Серпилин вдруг почувствовал, что его тяжелая рука все еще лежит на худеньком плече докторши, и не только лежит, но даже опирается на это плечо. А она идет себе и как будто не замечает, даже, кажется, нарочно приподняла плечо. Идет и не подозревает, наверное, что бывают на свете такие люди, как Баранов.

— Вот видите, руку у вас на плече забыл, — глуховатым ласковым голосом сказал он докторше и снял руку.

— А вы ничего, вы обопритесь, если устали. Я знаете какая сильная.

«Да, ты сильная, — подумал про себя Серпилин, — с такими, как ты, не пропадем, это верно». Ему хотелось сказать этой маленькой женщине что-то ласковое и уверенное, что было бы ответом на его собственные мысли о Баранове, но что именно сказать ей, он так и не нашел, и они молча дошагали до того места, где лежал Зайчиков.
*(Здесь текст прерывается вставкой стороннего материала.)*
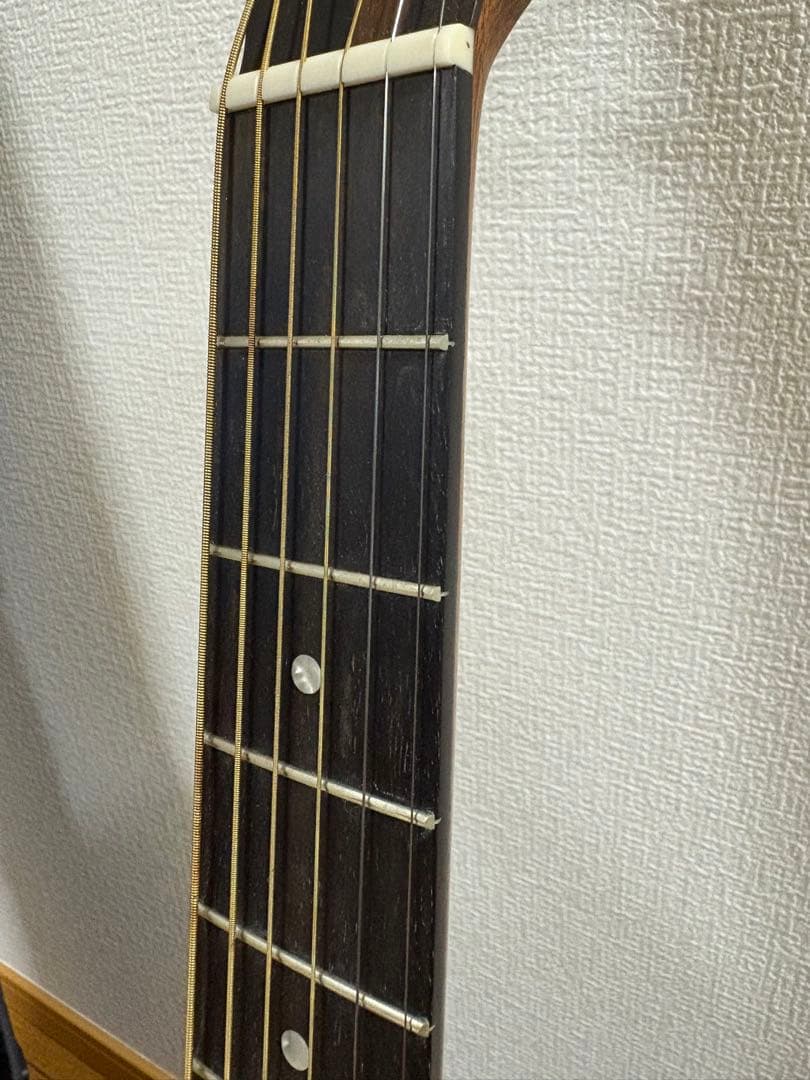 Martin SC-10E-01 エレアコギター　マーチンセミハードケース付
— Товарищ полковник, я привела, — тихо сказала докторша, первой становясь на колени у носилок с Зайчиковым.

Серпилин тоже стал на колени рядом с ней, и она отодвинулась в сторону, чтобы не мешать ему наклониться поближе к лицу Зайчикова.

— Это ты, Серпилин? — невнятным шепотом спросил Зайчиков.

— Я.

— Слушай, что я тебе скажу, — еще тише сказал Зайчиков и замолчал.
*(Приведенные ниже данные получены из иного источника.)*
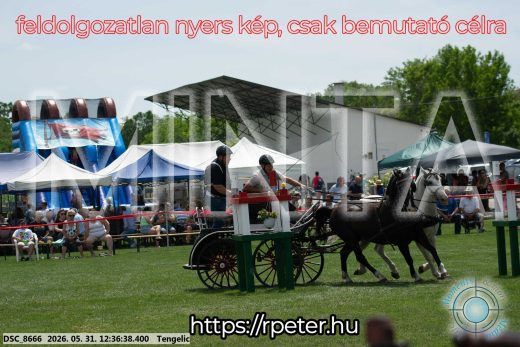 Mintakép 20260531-3016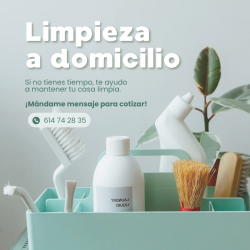 Servicio de limpieza
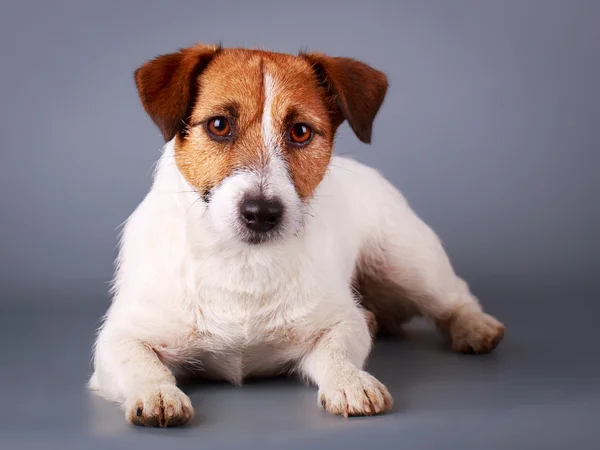 Perro animal — Foto de Stock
Серпилин ждал минуту, две, три, но ему так и не суждено было узнать, что именно хотел сказать новому командиру дивизии ее бывший командир.

— Умер, — чуть слышно сказала докторша.

Серпилин медленно снял фуражку, с минуту постоял на коленях с непокрытой головой, с усилием разогнув колени, встал на ноги и, не сказав ни слова, пошел обратно.

Вернувшиеся разведчики доложили, что на шоссе немецкие патрули и движение машин в сторону Чаус.

— Ну что ж, как видно, придется воевать, — сказал Серпилин. — Поднимите и постройте людей!

Сейчас, узнав, что его предположения подтвердились и шоссе едва ли удастся пересечь без боя, он окончательно стряхнул угнетавшее его с утра чувство физической усталости. Он был полон решимости довести всех этих поднимавшихся от сна с оружием в руках людей туда, куда он должен был их довести, — до своих! Ни о чем другом он не думал и не желал думать, ибо ничто другое его не устраивало.

Он не знал и не мог еще знать в ту ночь полной цены всего уже совершенного людьми его полка. И, подобно ему и его подчиненным, полной цены своих дел еще не знали тысячи других людей, в тысячах других мест сражавшихся насмерть с незапланированным немцами упорством.

Они не знали и не могли знать, что генералы еще победоносно наступавшей на Москву, Ленинград и Киев германской армии через пятнадцать лет назовут этот июль сорок первого года месяцем обманутых ожиданий, успехов, не ставших победой.

Они не могли предвидеть этих будущих горьких признаний врага, но почти каждый из них тогда, в июле, приложил руку к тому, чтобы все это именно так и случилось.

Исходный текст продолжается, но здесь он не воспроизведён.